Delson’s vertiginous aerial photography is music to the eyes. In Xylophone, what seem like tones on percussive plates, whimsically line themselves up for inspection. Emerging from abstraction, the work reveals itself to be keyboard rows of multi-colored storage units trucking across the image, a photo shot from a helicopter 3,000 feet above the earth. Delson’s unique perspective gives him an indelible, omnipotent point of view.

Some of the best photographers are painters or cognoscenti of painting. Delson takes leaps of creative inspiration from Paul Klee and Piet Mondrian. On the Town is a luminous homage to Mondrian’s Broadway Boogie Woogie. Its grid of city streets, chock-a-block with glossy New York taxicabs, was indeed shot while the artist was flying directly above Broadway. It evokes Delson’s highly energetic entrancement with aerials. The artist elaborated on his fascination with modernist painters: “I try to realize a Mondrian-like perspective in my aerial photography. I am creatively liberated when I am up in the air—no doors, no windows—just flying above the world.” Delson looks at abstract images on a flat plane because they have vibrancy, rhythm and a life we don’t usually see. The photographer mused, “Broadway Boogie Woogie speaks to me of big city, energy and urban vitality.”

 

Delson’s Double Vision is steeped in the work of Ellsworth Kelly, Frank Stella and Ad Reinhardt, who famously quipped: “Art is Art. Everything else is everything else.” Delson knows exactly where the art is and points his helicopter directly at it. In this dreamy photograph, pictorialization dances a pas de deux with a painterly partner to present a reality that is graphic, minimalist and full of movement. Here, the artist creates a meta-reality. Soccer players on a field are depicted not as people but as long dark shadows that act as stand-ins for the players. These shadows become more real than the actual men on the field. Again, the soft musicality in the image offers up a chimerical and sub-textual leitmotif.
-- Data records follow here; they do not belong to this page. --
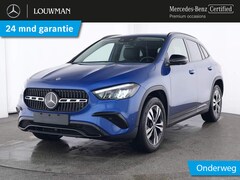 Mercedes-Benz GLA-Klasse - 250 e Face Lift Plug-In Hybride | Progressive Line Advanced | Night Pakket | Rijassistenti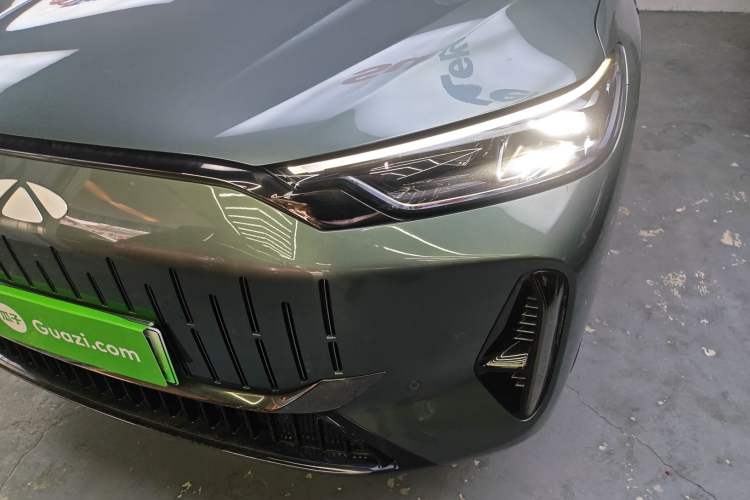 Used Chery Fengyun T10 2024 200 Four-Wheel Drive Flagship Edition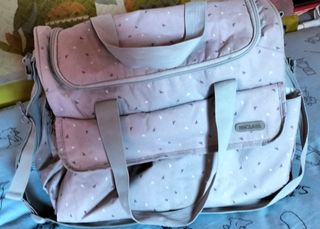 Bolsa carro bebe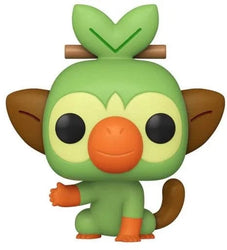 Funko POP! – Pokémon – Grookey_02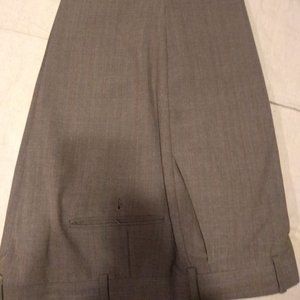 John Alexander Large Gray Suit Trousers FREE SHIPPING 🚚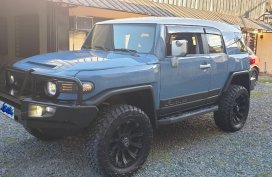 2015 Toyota Fj Cruiser for sale in Quezon City 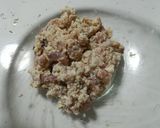 お魚嫌いに捧ぐ！豆腐ハンバーグ！作り方7写真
Whether of train stations, storage units or shipping containers, the artist’s images convert humanity’s vast and overwhelming excess into totems of manufactured production. While the photographs sing harmoniously, the deliberate, abstracted delaying of the viewer’s understanding of the subject matter provokes a re-engagement with the prevailing themes of modernity.
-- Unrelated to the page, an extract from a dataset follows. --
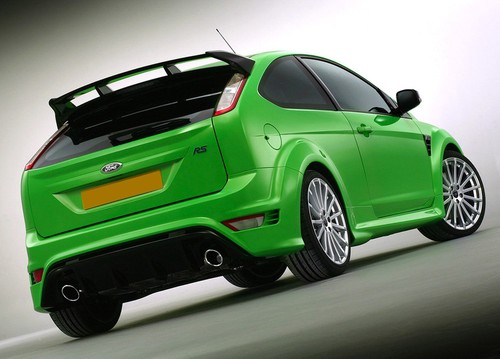 Ford focus aileron becquet - 2, /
Delson makes art in a big way. A high-resolution Sony camera, an enormous passion for travel, and state-of-the-art large format photographic printing and finishing, allows him to make meaningful artworks with extraordinary production values. He is also contemplating creating prints on a scale of eight by twelve feet, to be mounted under plexiglass. His highly dramatic aerials are so voluptuously detailed, they seem to transport the viewer, as if taken along for the ride to share the view outside the photographer’s helicopter window.

Building Blocks, shot over Stuyvesant Town on the east side of New York City, is not so much deconstructed as re-ordered in engrossing symmetry. Its architecture is an ode to classic French and Italian Renaissance gardens, like at the Palace of Versailles. These environs, with their fountains, plantings and buildings, were designed to represent unanimity and order, to invoke the ideals of the Renaissance and to recall the virtues of Ancient Rome. In the same classical vein, Delson’s photographs present the world in peace and tranquility. The artist methodizes his realm of the Renaissance, so that all the elements in his compositions are in graceful, congruent agreement. His images evoke balance and a sublime visual concordance. They fly us into the sky to observe the measured and majestic earth below, and to share the wizard Merlin’s magical perspective.

Donn Delson’s photographs will be featured in an exhibit opening at TAG Gallery in March 2017.